### Try it
Although the data below contains pictures, output only the lines between those holding "Arm, (Matching Left" and "TFR STRIPED SHIRT DRESS_WHITE — vue 1", inclusive, exactly and without those pictures.

### Excerpted records

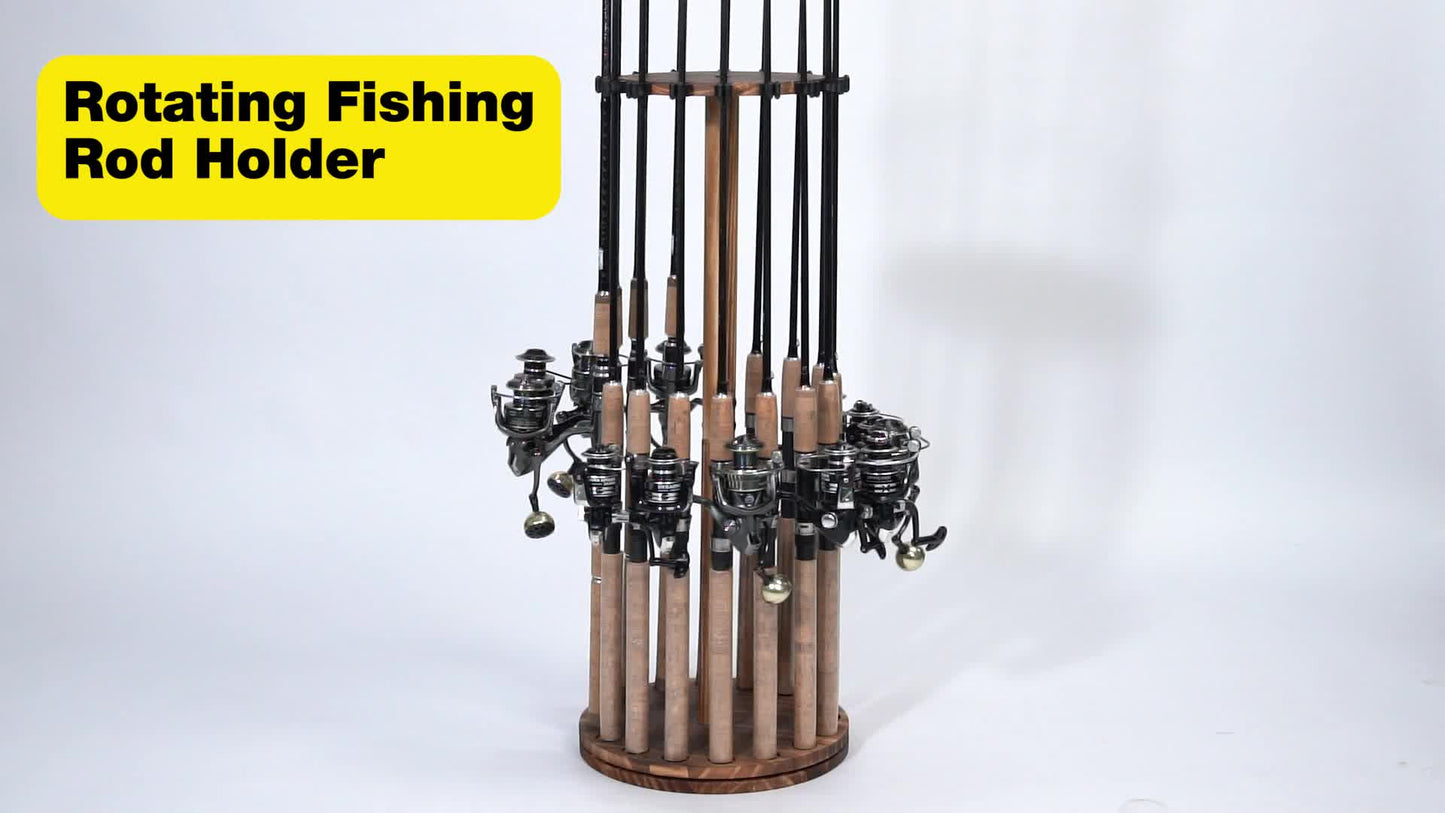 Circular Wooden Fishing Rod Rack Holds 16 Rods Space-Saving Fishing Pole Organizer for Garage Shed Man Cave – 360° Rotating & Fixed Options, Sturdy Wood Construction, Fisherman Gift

==

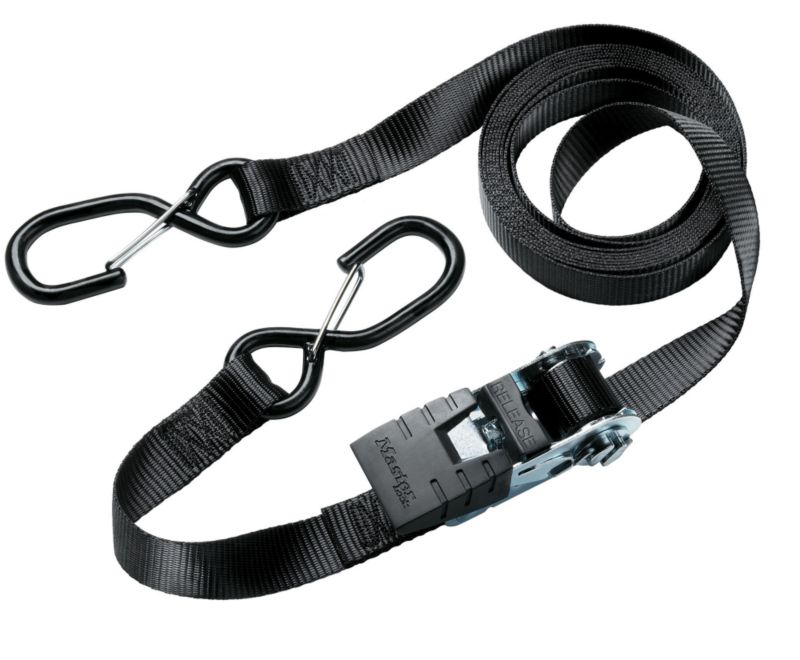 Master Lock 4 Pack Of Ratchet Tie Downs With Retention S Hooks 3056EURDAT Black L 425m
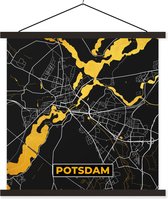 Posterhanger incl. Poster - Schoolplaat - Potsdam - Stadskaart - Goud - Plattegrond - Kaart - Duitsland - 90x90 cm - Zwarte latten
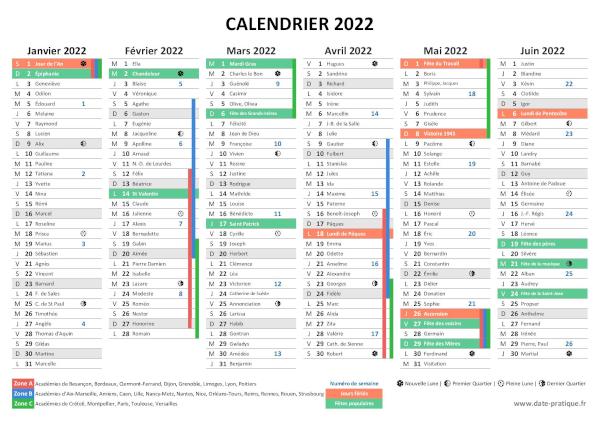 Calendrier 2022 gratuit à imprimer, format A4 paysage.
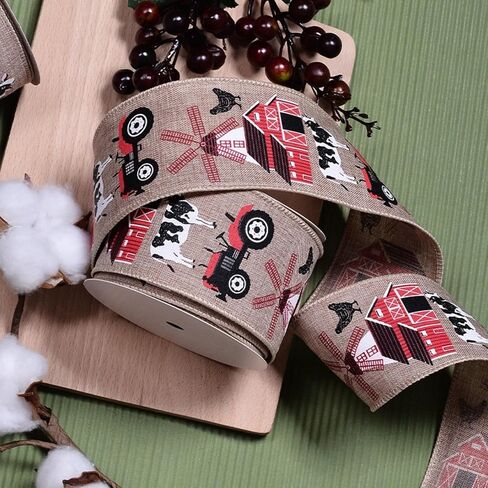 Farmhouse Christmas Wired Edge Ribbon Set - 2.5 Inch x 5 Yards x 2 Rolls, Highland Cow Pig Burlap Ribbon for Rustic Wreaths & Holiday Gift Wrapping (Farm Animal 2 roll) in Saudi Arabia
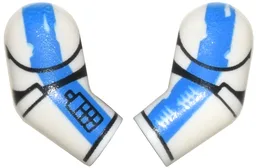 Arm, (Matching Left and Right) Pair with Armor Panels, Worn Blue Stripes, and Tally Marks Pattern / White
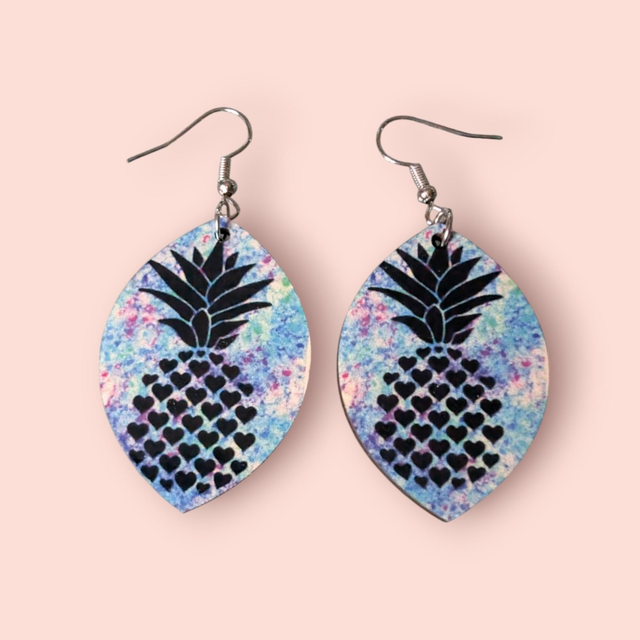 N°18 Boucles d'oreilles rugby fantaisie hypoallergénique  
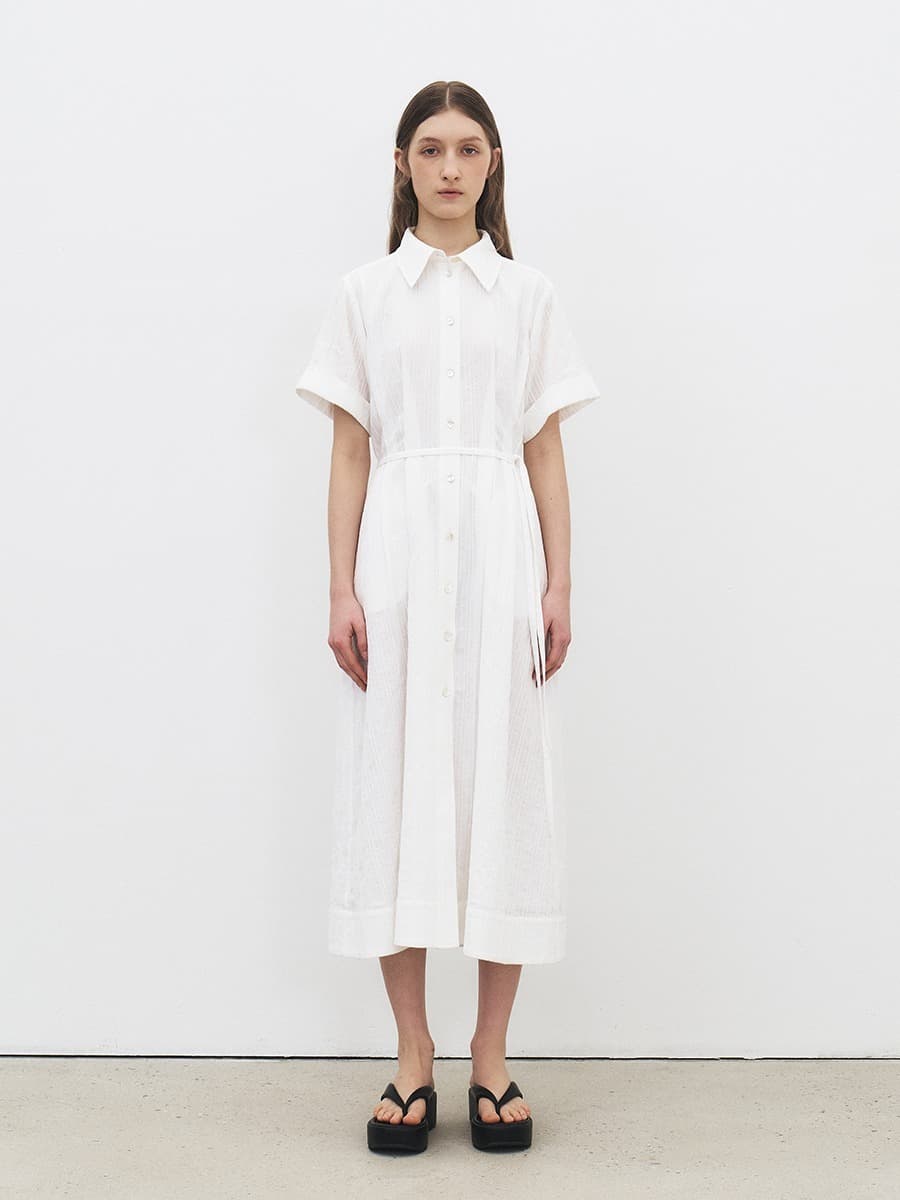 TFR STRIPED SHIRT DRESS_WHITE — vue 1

### Solved exercise
 Arm, (Matching Left and Right) Pair with Armor Panels, Worn Blue Stripes, and Tally Marks Pattern / White
 N°18 Boucles d'oreilles rugby fantaisie hypoallergénique  
 TFR STRIPED SHIRT DRESS_WHITE — vue 1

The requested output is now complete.